Even Sen. Lamar Alexander (R-TN), who has about a month left of his political career before his retirement, won’t say the phrase that now amounts to a dirty word in Republican circles: President-Elect Joe Biden.

In a Friday statement, Alexander gently nudges President Donald Trump to consider allowing Biden to begin his transition with all the resources he’s entitled to — with plenty of protective hedging.

“If there is any chance whatsoever that Joe Biden will be the next president, and it looks like he has a very good chance, the Trump Administration should provide the Biden team with all transition materials, resources, and meetings necessary to ensure a smooth transition so that both sides are ready on day one,” Alexander wrote.

In reality, there is no doubt that Biden has won the presidency. Despite the Trump campaign’s volley of low-quality lawsuits and parking lot press conferences proclaiming non-existent mass voter fraud, Biden’s win has been clear for weeks.

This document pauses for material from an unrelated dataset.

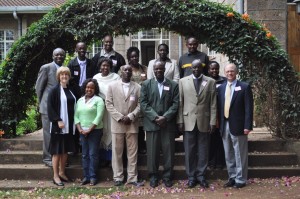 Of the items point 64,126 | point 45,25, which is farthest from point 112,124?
point 45,25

Still, Alexander keeps up the pretense of doubt:

“My hope is that the loser of this presidential election will follow Al Gore’s example, put the country first, congratulate the winner and help him to a good beginning of the new term,” he added after noting that Gore conceded 37 days after the election.

In 2000, the election all hung on a few hundred votes in Florida, which led to recounts and ultimately the infamous Supreme Court case. Biden is ahead by nearly 6 million votes in all, and up by over 12,000 votes in his slimmest margin of victory in Georgia.

That Alexander, with nothing politically to lose, produced such a mealy-mouthed statement sheds light on the general Republican compliance to go along with Trump’s charade.

Only Sen. Mitt Romney (R-UT) has strongly denounced Trump’s actions as “undemocratic.” A small group, including Sens. Lisa Murkowski (R-AK) and Ben Sasse (R-NE), has at least admitted that Biden is president-elect. But the vast majority of elected Republicans have either kept silent or helped Trump cast doubt on the election.

Trump’s most recent gambit to steal the election involves wining and dining state-level Republicans at the White House, raising alarm that he’ll try to convince them to sway electors his way in states he lost. A Michigan delegation is set to meet with Trump Friday afternoon.

The primary buffer protecting the democracy at this juncture is the margin of Biden’s win. Trump would have to get elected officials and institutions on board with his attempted coup in so many states —many of which have Democrats in key positions of power — to overturn the results as to make his attempts futile.

Biden said Thursday that Trump’s attempted coercion of the Michigan delegation is “going to be another incident where he will go down in history as being one of the most irresponsible presidents in America history.”